大胆な路線変更を行ったアルバム『Sword Fish Trombones』以降が彼の第二期と呼ばれているそうですが、その実験的な精神は今作においても変わらず受け継がれています。チャカポコと鳴り響く間延びしたパーカッションが錯綜し、その結果として名状しがたい無国籍音楽が生まれます。そして、キース・リチャーズ、マーク・リーボー、ジョン・ルーリーらによる胡散臭くも味のある演奏が奇妙な華を添えます。

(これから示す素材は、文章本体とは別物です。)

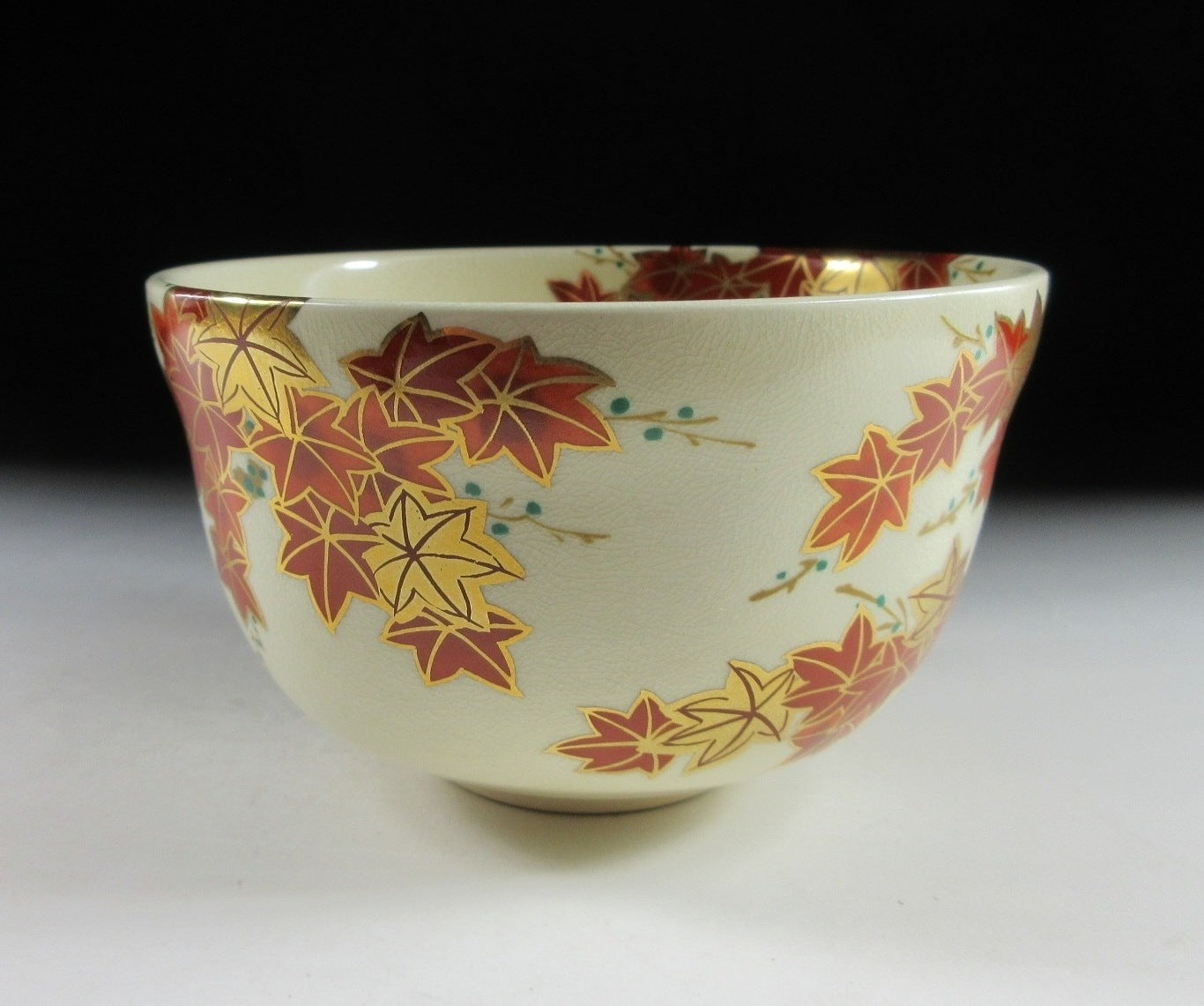 Miyaji Eika Momiji Chawan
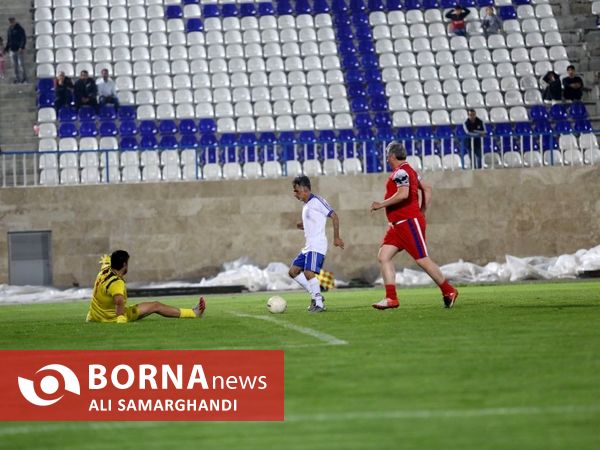 دیدار دوستانه پیشکسوتان تیم ملی _ پیشکسوتان ملوان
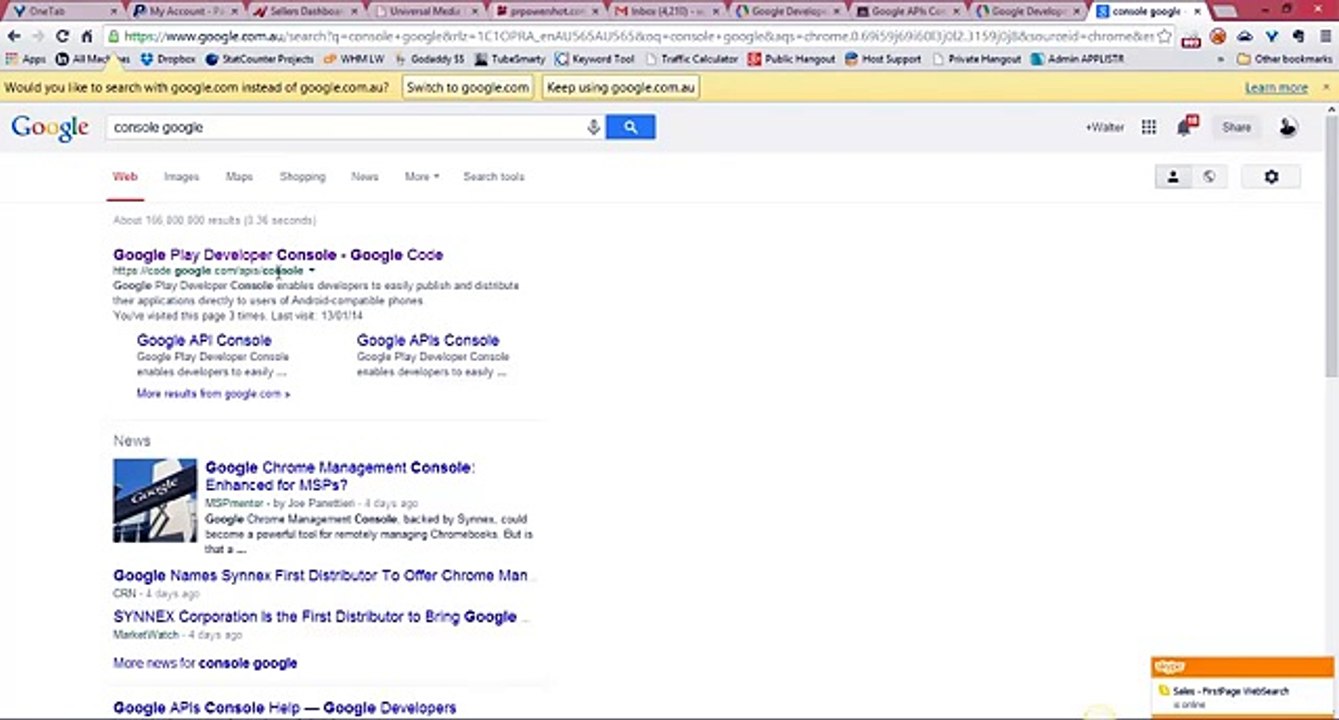 Hydravid Video Marketing Software | Getting API Key for Adding A Youtube Account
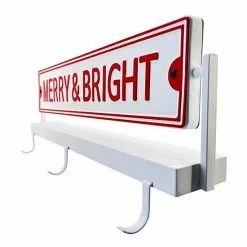 St. Nicholas Square® Double Sided Stocking Hanger -Nichola Home Decor Shop unnamed file 2332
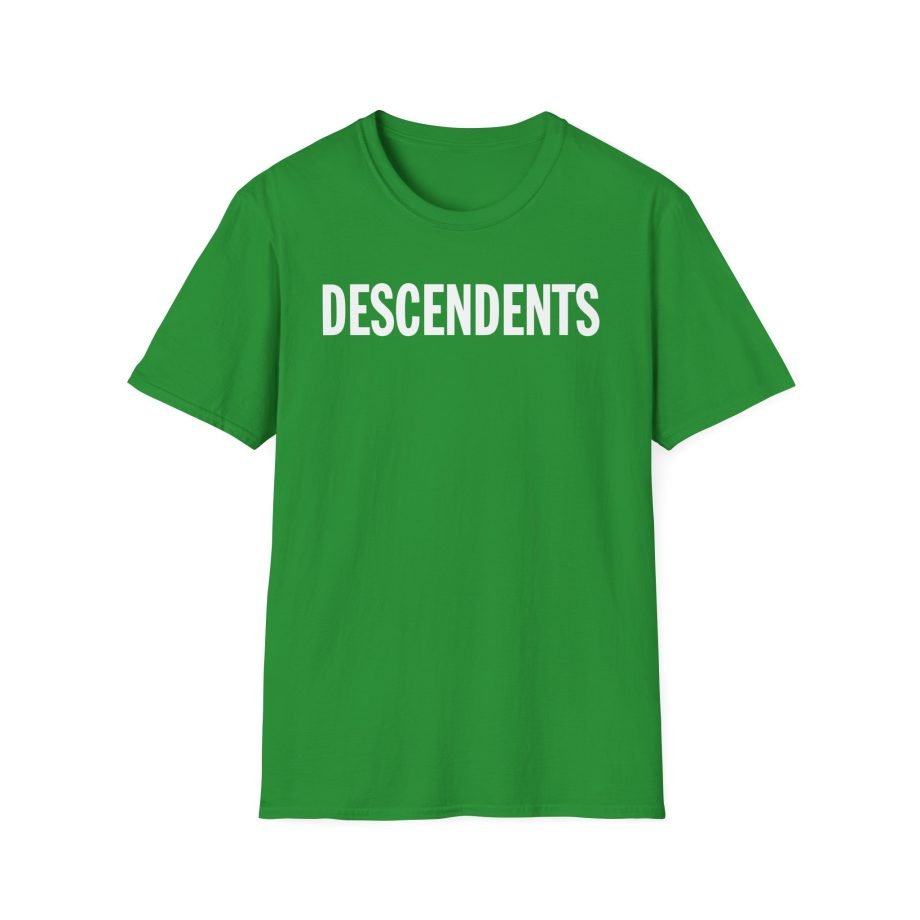 Descendents Milo Logo Unisex Softstyle T-Shirt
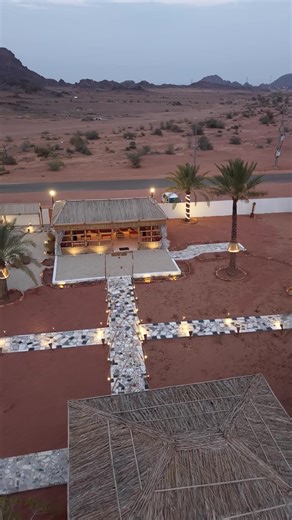 ‏الوجهة الأولى للهروب من ضجيج الحياة هدوء، طبيعة، وجلسات تصنع الفرق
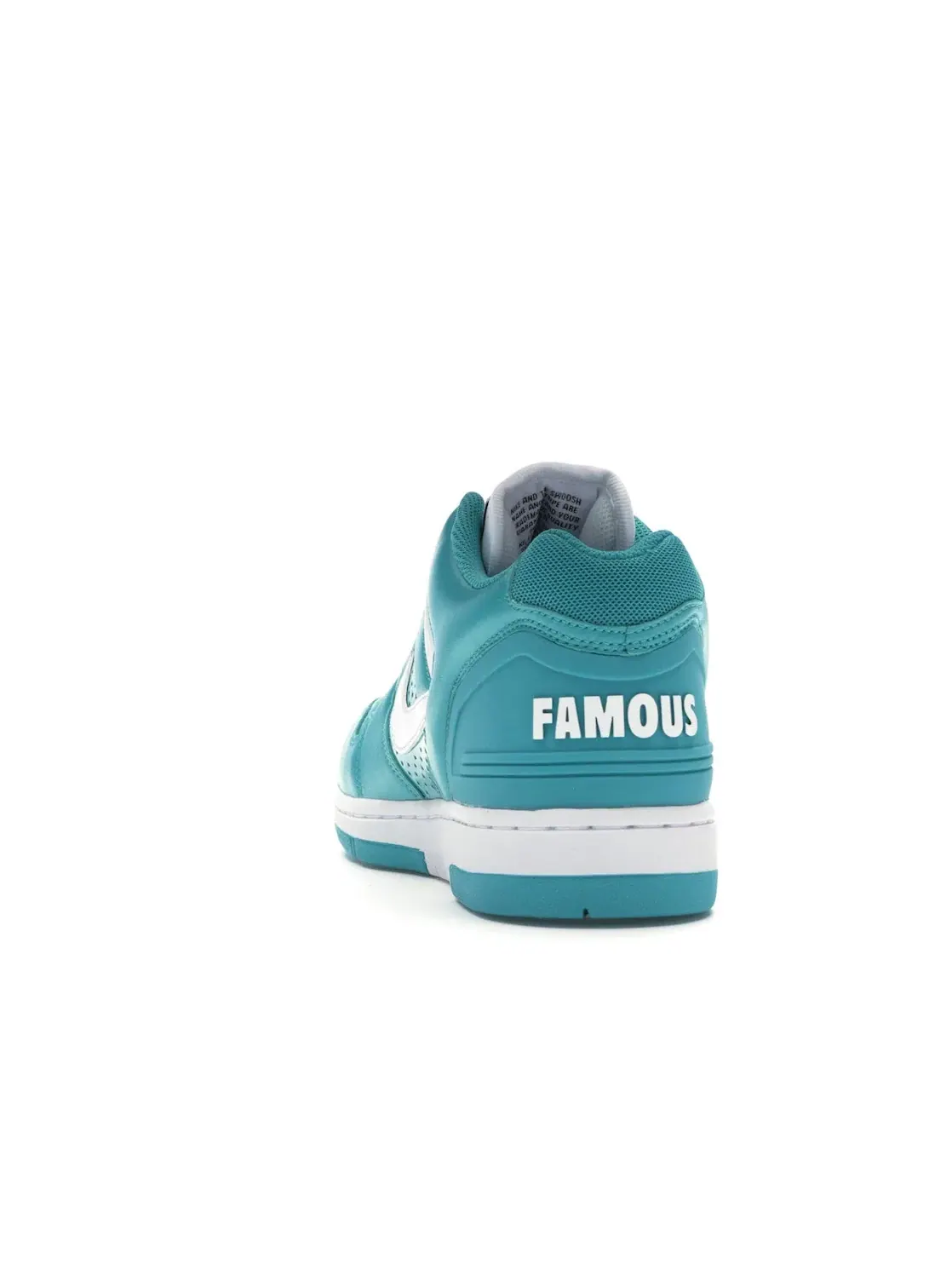 Мужские кроссовки с воздушной амортизацией Nike SB Air Force 2 Low Supreme Nike — изображение 4 из 4, белый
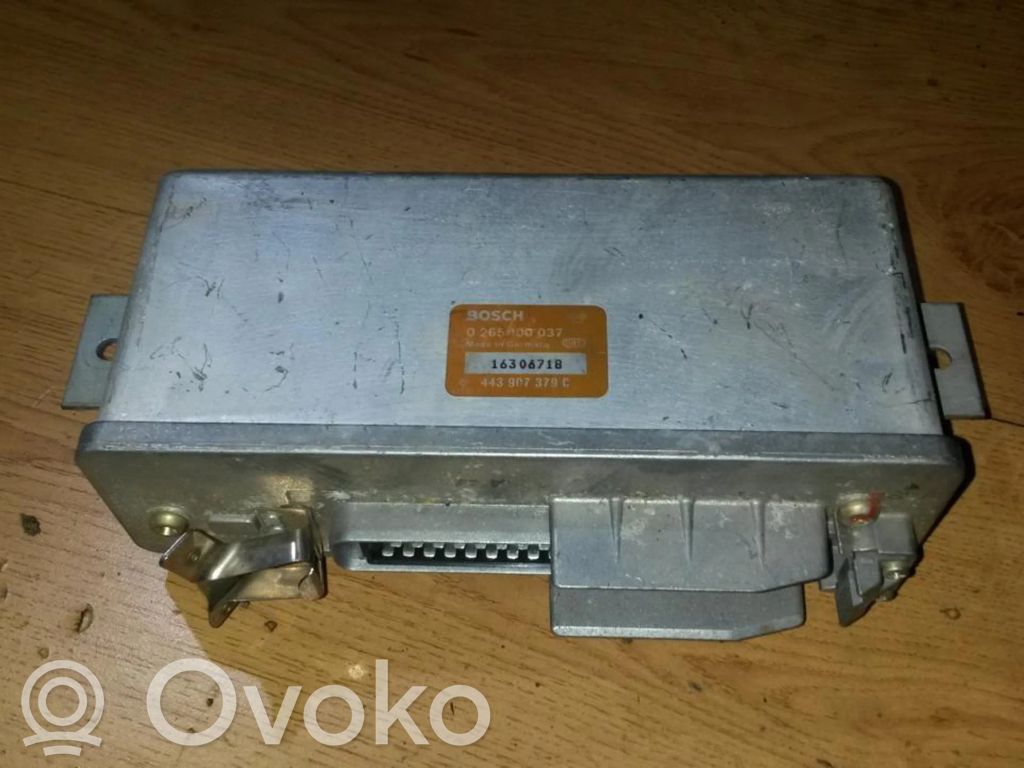 Unitate/modul control ABS   0265100037,443907379C,0265100037,443907379C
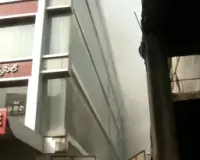 Five killed after massive fire at furniture shop building in Hyderabad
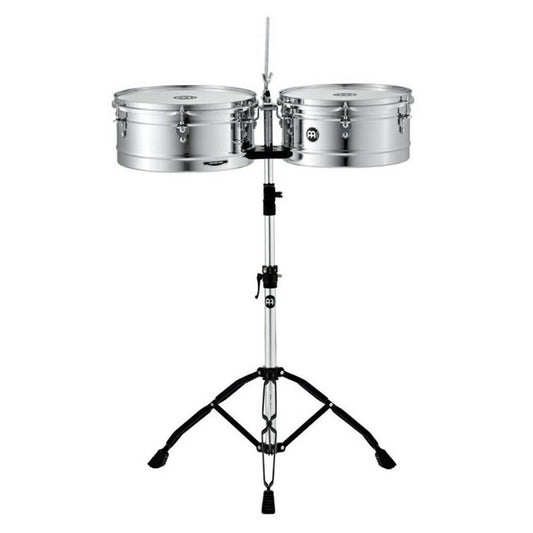 MEINL Percussion Headliner Series Timbales 13" & 14" - Chrome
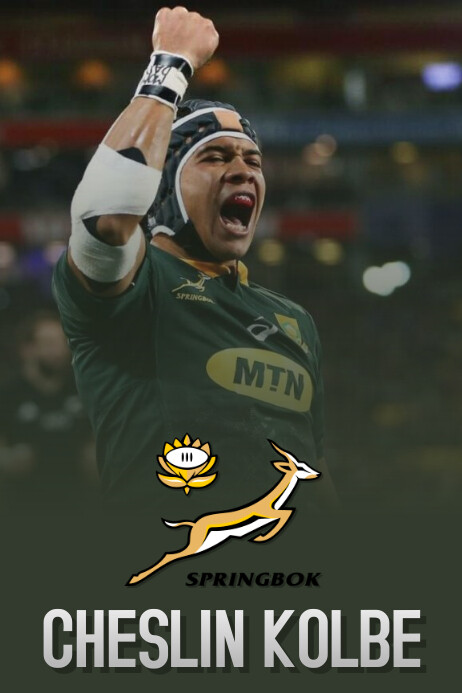 RUGBY POSTER Template | PosterMyWall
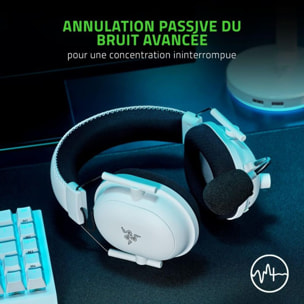Casque gamer RAZER BLACKSHARK V2 PRO Blanc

一聴してトム・ウェイツの代名詞でもあるセンチメンタリズムが後退したようにも思えますが、ふいに挿入される甘美なメロディからは、露悪的なまでに道化を演じることで覆い隠そうとする愚直な独りの男の素顔が却って鮮やかに浮かび上がってしまうのです。どのアルバムにもそれを象徴するバラードが収録されているのですが、今作では『Time』がそれに当たるでしょうか。時にがなりたて、時に優しく囁きかける彼の特徴的なダミ声にかかると、胸焼けするような甘いメロディーや、朽ちかけた歪なメロディーの全てが満遍なくトム・ウェイツ色に染まります。歌に始まり歌に終わる、全てが彼の歌声に回帰していくのです。